For over 100 years, Westerns have been a popular, uniquely American staple — although the genre has suffered both peaks and valleys in popularity. In fact, Westerns made up the dominant film genre from the beginning of cinema until about 1960, and they appear to be making an invigorating comeback, at least on TV. Modern movie remakes such as 3:10 to Yuma (2007) and the Coen brothers’ True Grit (2010) have paid homage to their mid-twentieth-century predecessors.
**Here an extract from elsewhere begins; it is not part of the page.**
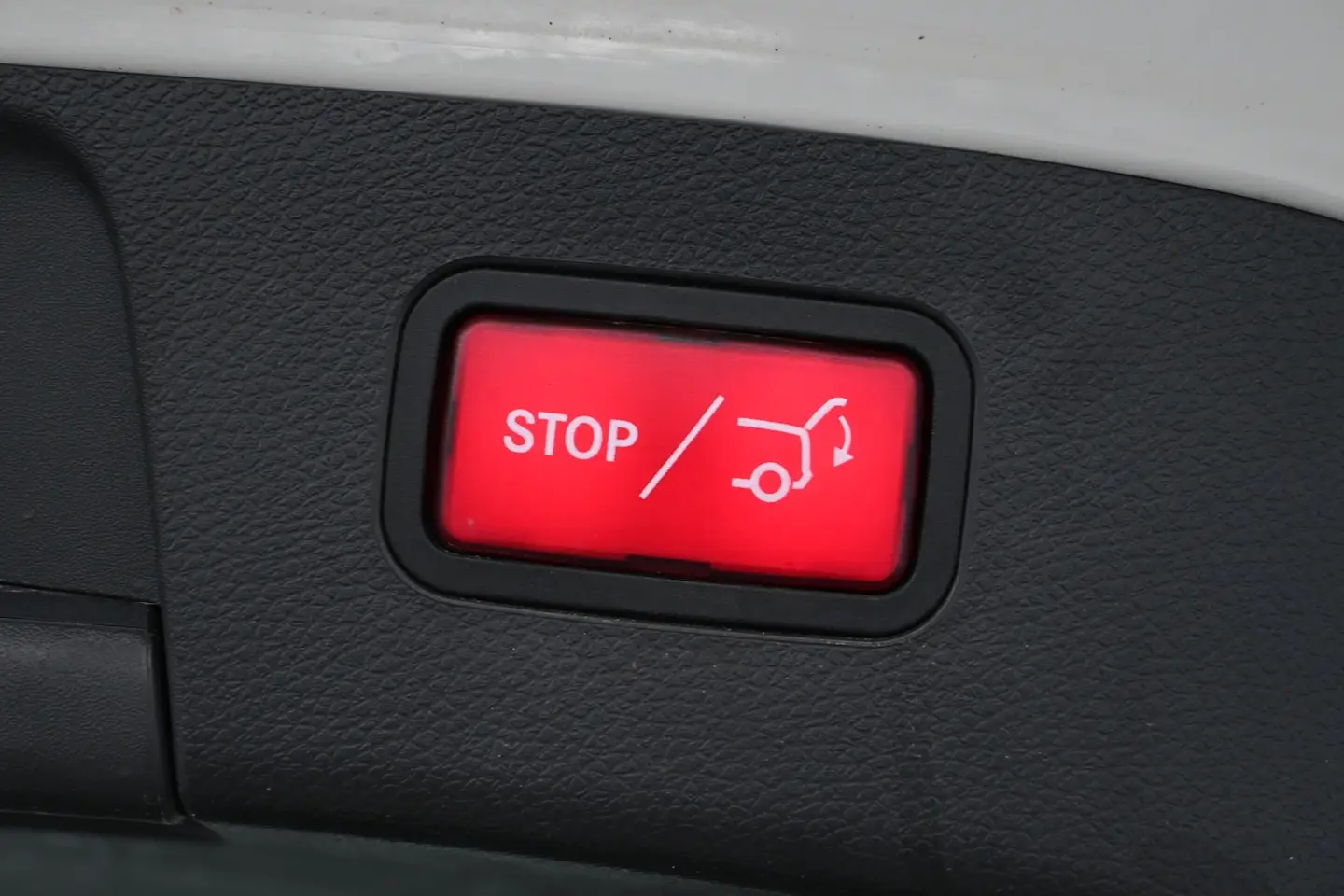 Car Image - KHRDGPXiODq2F16eiVCZm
All Westerns embody a return to the bygone frontier: wide-open spaces, sturdy individualists, gunfighters, shoot-outs, larger-than-life good guys and bad guys, institutions such as the saloon (with bad girls), horse chases, cattle, and lawmen.
This quick guide provides a historical overview of the popular genre. (Perfect for fans of AMC’s Hell on Wheels!)
1. Silent-Era Westerns
Edwin S. Porter’s innovative 1903 short, The Great Train Robbery, marked the real birth of the genre. The earliest Western stars emerged: Gilbert M. “Broncho Billy” Anderson (the first cowboy hero), Tom Mix (an actual cowboy who often did his own stunts), and William S. Hart (a veteran of Thomas H. Ince’s Westerns). The first sagebrush sagas were either filmed on soundstages or made on the East Coast, until the wide expanse of the West opened up for on-location filming. Many of the genre’s greatest directors, such as John Ford, developed their craft and scored their first hits within the Western category. Even the cowboys’ horses were superstars, such as Mix’s “wonder horse,” Tony. Some of the earliest traditional Westerns were based on Wild West pulp novels and stories, including the genre’s first epic — the pioneer spectacular The Covered Wagon (1923).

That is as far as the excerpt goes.